La plupart des victimes auraient trouvé la mort en cherchant refuge de l'autre côté des canaux qui traversent cette partie de la ville. Certaines auraient été victimes du mouvement de panique. Mais beaucoup seraient mortes prises au piège des boues chargées de déchets industriels (et souvent toxiques) qui remplissent ces canaux.

Car les autorités n'ont jamais jugé bon de faire construire des ponts pour traverser ces canaux et encore moins de les faire draguer. Pas plus qu'elles ne s'en sont prises aux pollueurs, pour la plupart des patrons liés aux grandes compagnies pétrolières occidentales, qui transforment Lagos et bien d'autres régions du pays en égouts industriels. Les dirigeants nigérians se sont toujours montrés bien plus préoccupés de toucher leur commission sur le pillage des richesses naturelles du pays par les BP et autres Elf que de la santé ou du bien-être de la population.

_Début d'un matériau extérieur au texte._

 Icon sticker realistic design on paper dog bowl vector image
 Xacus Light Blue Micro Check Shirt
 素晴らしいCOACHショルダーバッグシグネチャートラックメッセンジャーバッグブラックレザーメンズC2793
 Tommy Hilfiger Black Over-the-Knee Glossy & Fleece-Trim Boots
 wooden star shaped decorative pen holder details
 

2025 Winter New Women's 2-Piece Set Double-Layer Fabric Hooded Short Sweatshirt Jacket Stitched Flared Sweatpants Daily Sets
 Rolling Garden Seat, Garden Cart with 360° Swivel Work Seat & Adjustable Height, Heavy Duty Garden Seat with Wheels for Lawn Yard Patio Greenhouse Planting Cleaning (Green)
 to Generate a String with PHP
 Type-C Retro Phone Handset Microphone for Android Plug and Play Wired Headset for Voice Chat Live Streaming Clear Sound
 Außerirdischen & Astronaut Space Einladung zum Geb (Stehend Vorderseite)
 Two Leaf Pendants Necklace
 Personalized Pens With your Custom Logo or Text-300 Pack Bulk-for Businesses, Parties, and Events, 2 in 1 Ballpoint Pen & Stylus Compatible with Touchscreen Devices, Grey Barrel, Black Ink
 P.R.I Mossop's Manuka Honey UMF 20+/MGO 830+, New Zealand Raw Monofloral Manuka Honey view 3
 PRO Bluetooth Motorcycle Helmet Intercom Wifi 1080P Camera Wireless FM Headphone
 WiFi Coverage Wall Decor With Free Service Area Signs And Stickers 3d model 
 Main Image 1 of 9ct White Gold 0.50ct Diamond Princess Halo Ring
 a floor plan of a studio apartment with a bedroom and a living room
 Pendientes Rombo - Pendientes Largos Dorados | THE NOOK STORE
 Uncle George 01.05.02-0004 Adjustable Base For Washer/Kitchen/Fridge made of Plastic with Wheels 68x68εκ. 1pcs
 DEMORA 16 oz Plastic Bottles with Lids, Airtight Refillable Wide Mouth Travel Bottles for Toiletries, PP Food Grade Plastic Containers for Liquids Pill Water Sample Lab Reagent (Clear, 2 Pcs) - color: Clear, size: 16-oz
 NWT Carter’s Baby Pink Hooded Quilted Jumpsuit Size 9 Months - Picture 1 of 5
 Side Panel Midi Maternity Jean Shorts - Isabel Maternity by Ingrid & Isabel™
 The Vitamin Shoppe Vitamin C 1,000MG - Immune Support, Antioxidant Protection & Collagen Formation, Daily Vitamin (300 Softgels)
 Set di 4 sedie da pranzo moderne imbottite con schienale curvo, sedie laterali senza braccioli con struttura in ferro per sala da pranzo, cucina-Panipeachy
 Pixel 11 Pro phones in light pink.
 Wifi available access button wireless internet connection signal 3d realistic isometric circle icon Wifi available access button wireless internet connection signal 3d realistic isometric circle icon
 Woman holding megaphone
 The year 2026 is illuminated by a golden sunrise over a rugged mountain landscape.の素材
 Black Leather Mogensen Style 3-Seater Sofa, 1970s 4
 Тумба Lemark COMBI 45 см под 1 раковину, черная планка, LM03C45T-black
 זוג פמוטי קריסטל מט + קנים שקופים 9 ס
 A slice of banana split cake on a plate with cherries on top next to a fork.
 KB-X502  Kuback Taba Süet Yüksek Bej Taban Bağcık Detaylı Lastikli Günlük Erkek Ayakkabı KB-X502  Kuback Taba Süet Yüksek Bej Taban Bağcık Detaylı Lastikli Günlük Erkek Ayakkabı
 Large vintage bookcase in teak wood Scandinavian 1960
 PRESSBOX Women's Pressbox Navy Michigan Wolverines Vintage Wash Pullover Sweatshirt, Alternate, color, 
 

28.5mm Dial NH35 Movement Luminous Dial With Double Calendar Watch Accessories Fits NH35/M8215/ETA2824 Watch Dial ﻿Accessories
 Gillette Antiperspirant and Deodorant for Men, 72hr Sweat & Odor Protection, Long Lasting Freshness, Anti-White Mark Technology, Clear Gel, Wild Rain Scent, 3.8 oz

C'est d'ailleurs pour la même raison qu'entre le pillage occidental et les rapines de la bourgeoisie nigériane, la population pauvre n'a jamais vu la couleur du pactole pétrolier du pays, sinon sous la forme des boues nauséabondes, et aujourd'hui meurtrières, des canaux de Lagos.

Mais surtout ce que rappelle la catastrophe du 27 janvier, c'est le rôle de l'armée dans la société nigériane. Le fait que le commandant de la garnison de Lagos ait cru devoir apparaître à la télévision nationale dans les heures qui ont suivi les premières explosions, non pas pour expliquer leur cause ou annoncer des mesures d'urgence, mais pour assurer la population qu'il ne s'agissait pas d'un coup d'Etat, est en soi tout un symbole.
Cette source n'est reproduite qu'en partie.